That's the camera I want.....it sure make's the little one's look big... :shock:


----------



## threshershark (Sep 7, 2007)

.45 said:



> That's the camera I want.....it sure make's the little one's look big...


You'll love it for self portraits. -()/-


----------



## metal_fish (Mar 19, 2008)

I bought one last year from wal-mart. Its a sanyo and hass 7.0 meg pixels and a large viewing screen but is still really small. Payed 125 for it and it has been great even with a little fish slime and water getting on it.
http://us.sanyo.com/entertainment/digitalcameras/index.cfm?productID=1599


----------



## LOAH (Sep 29, 2007)

Threshershark is right. The Pentax Optio W20 and W30 are great cameras. Rapalahunter has one too.

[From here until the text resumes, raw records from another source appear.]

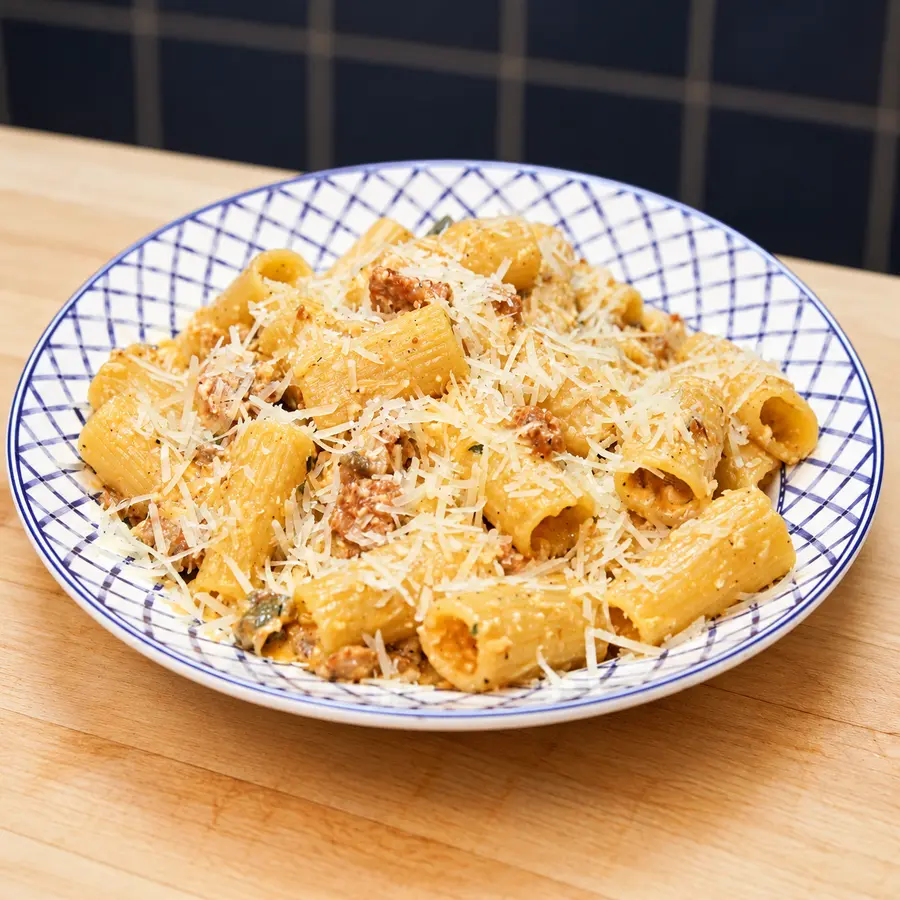 pates alla norcina cremeuses sans creme, plat fini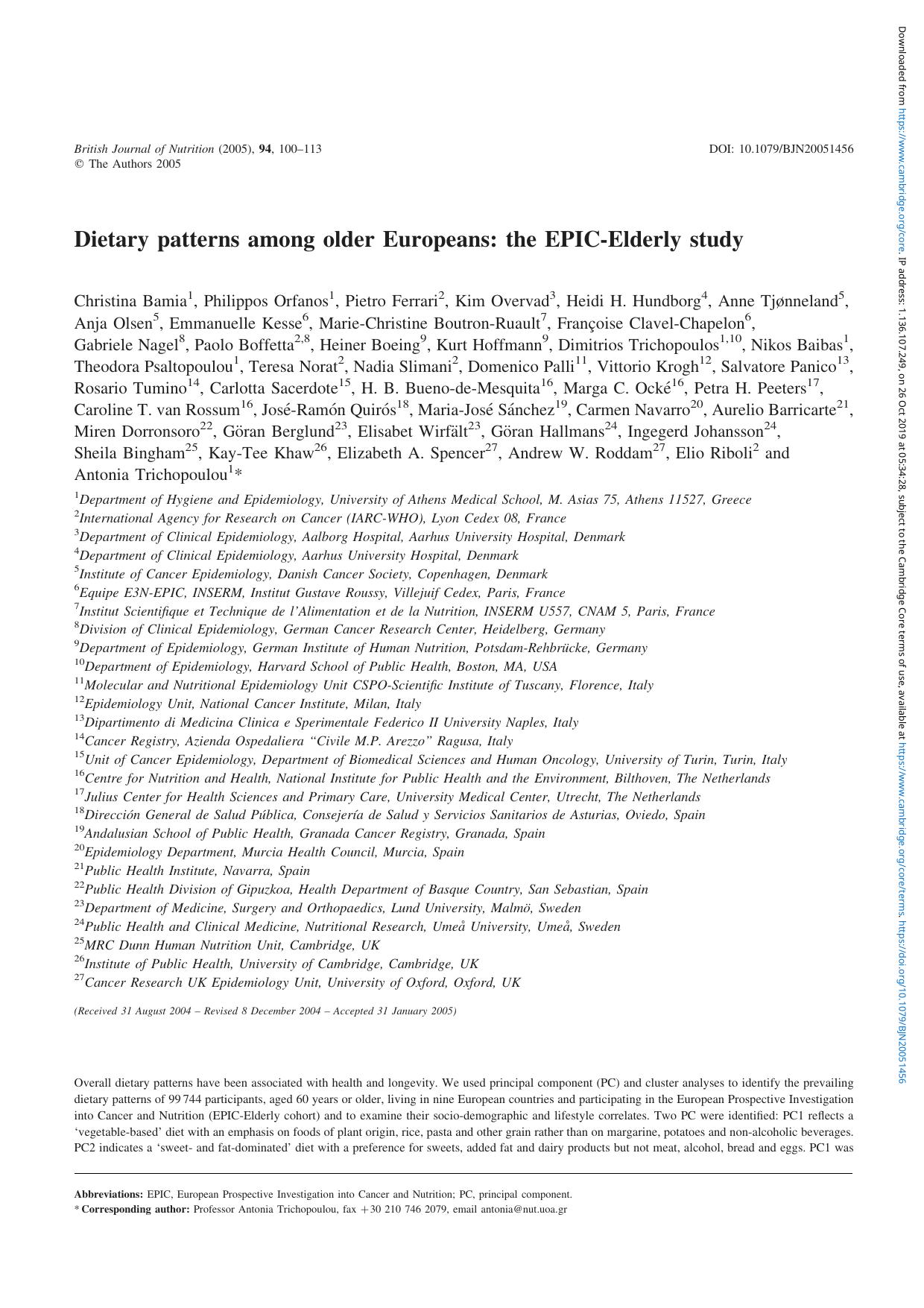 Dietary patterns among older Europeans: the EPIC-Elderly study by unknow
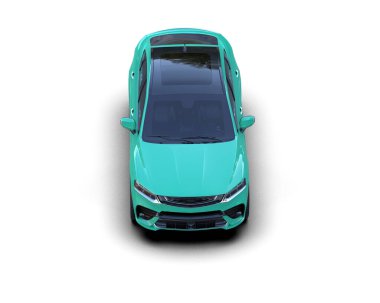 Modern araba beyazda izole edilmiş. 3d oluşturma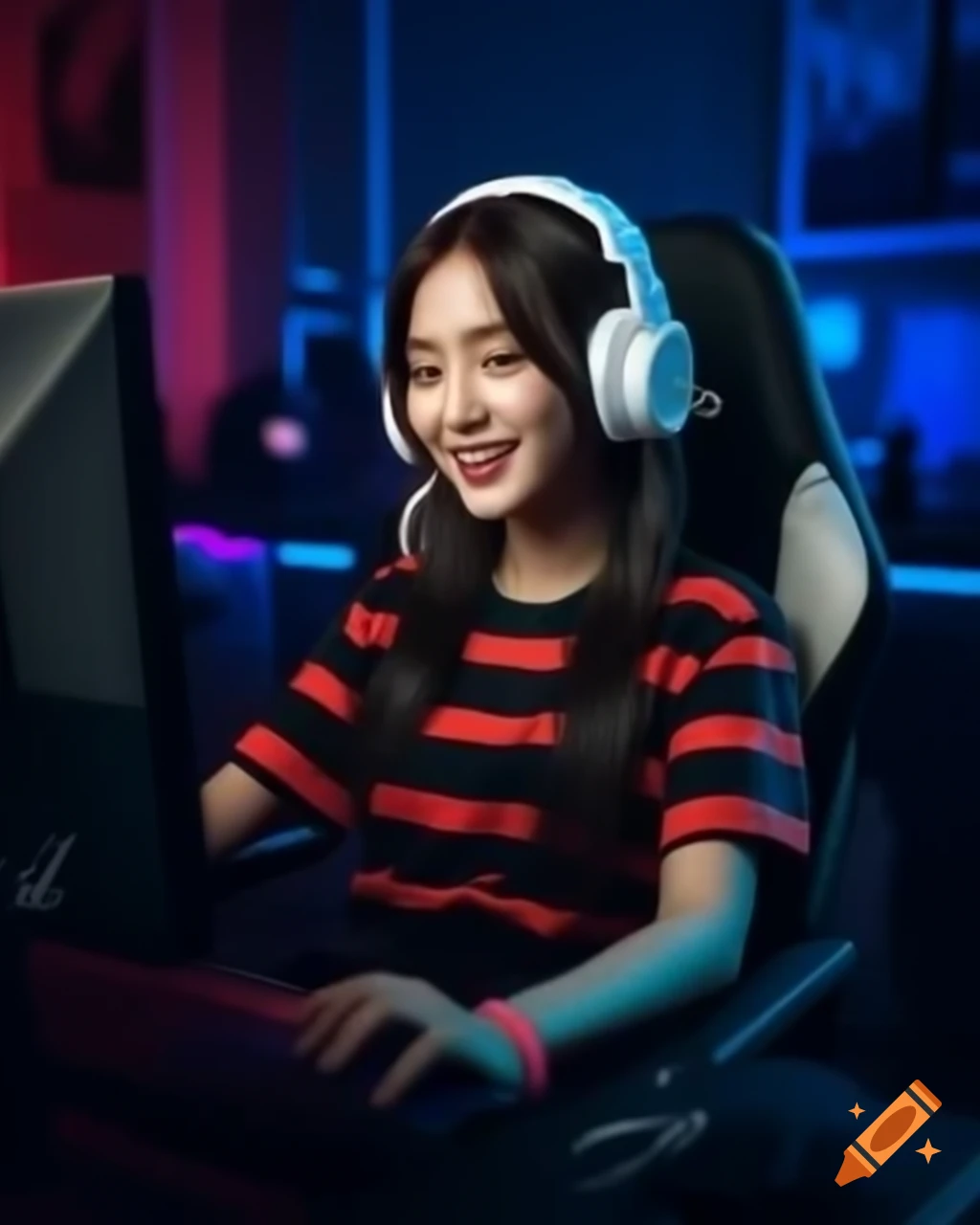 Realistic portrait of a Korean gamer smiling in a gaming chair with headphones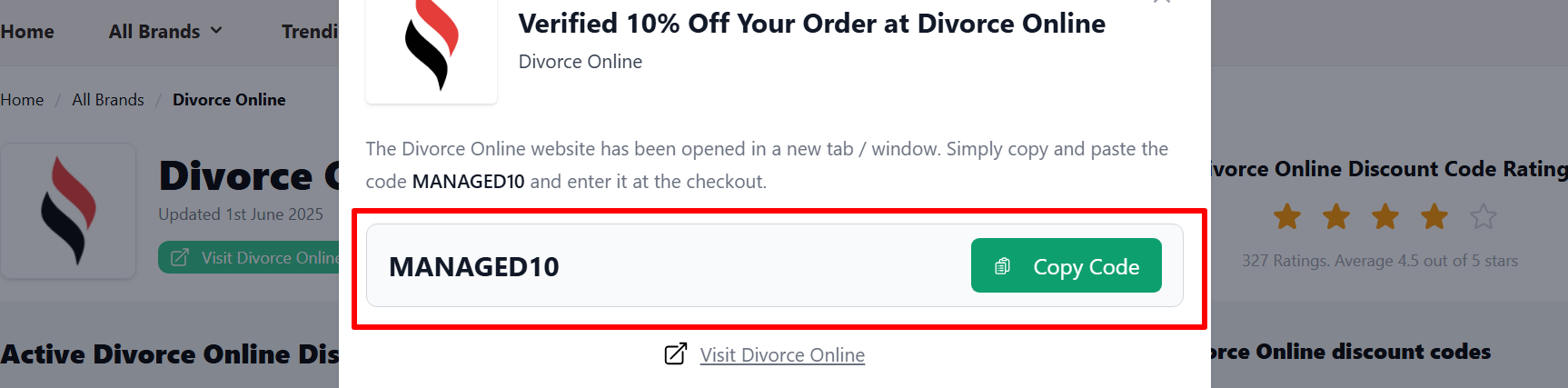 A Divorce Online discount code on an onscreen page on our site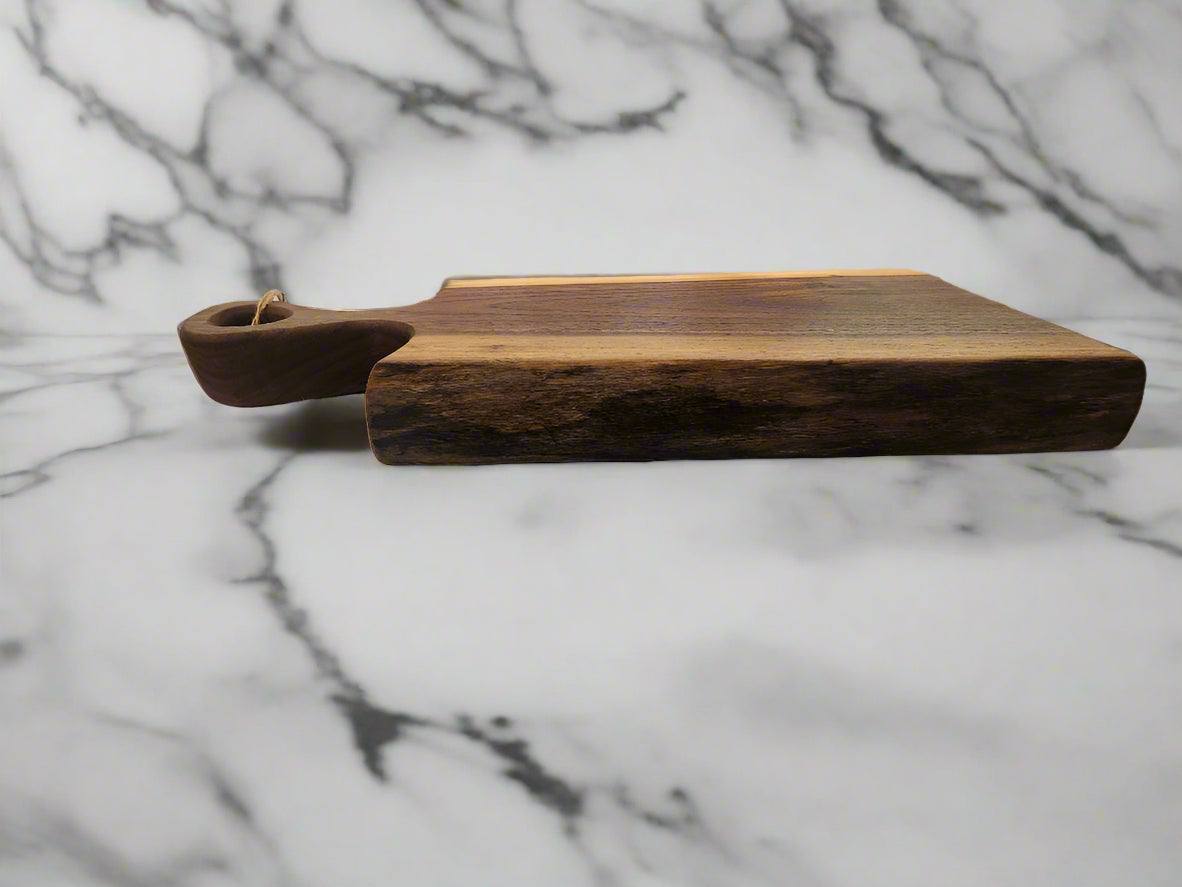 Live Edge Black Walnut Board with Handle – 8x19x1.75" | Rustic Elegance, Handled with Care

I can take underwater video with mine (W20) for up to 5 minutes, so water is no problem as long as the battery cover is locked.

It takes really nice pictures too. Pentax has a decent lens, from what I hear, so you can take a quality pic.

My biggest gripe would be that there is no lens cover. It's always exposed and could easily be scratched if allowed to rattle around in the same pocket as a set of keys or coins. I keep mine in a microfiber bag and the lens is fine. The LCD screen is easy to scratch, so be careful with that.

Other than that, it's a great camera and it's small enough to snap shots with one hand while holding a fish in the other.

It takes great video too. Seamless video. My old camera took choppy, ticky videos. I love my camera. They don't cost much either. You can find them under $200. 7Mp.

There's a new W60 coming out soon that boasts 10Mp and water tightness to 13 feet for 2hrs.


----------



## Hounddog (Apr 9, 2008)

i use an olympus stylus 790 sw and it is waterproof and shockproof. Every time you power off it covers up the lens. It also takes underwater video.. I love it and I really liked my cannon powershot too until it got stolen.. The Olympus rocks. Just my two cents..

Hounddog


----------



## Nueces (Jul 22, 2008)

I'm going to search for some waterproof models. The images of fish being released are great. I have seen some images when they are pulled out of the water, the lens will fog up some. Nothing to do with the camera, just something to remember when you snap an image.


----------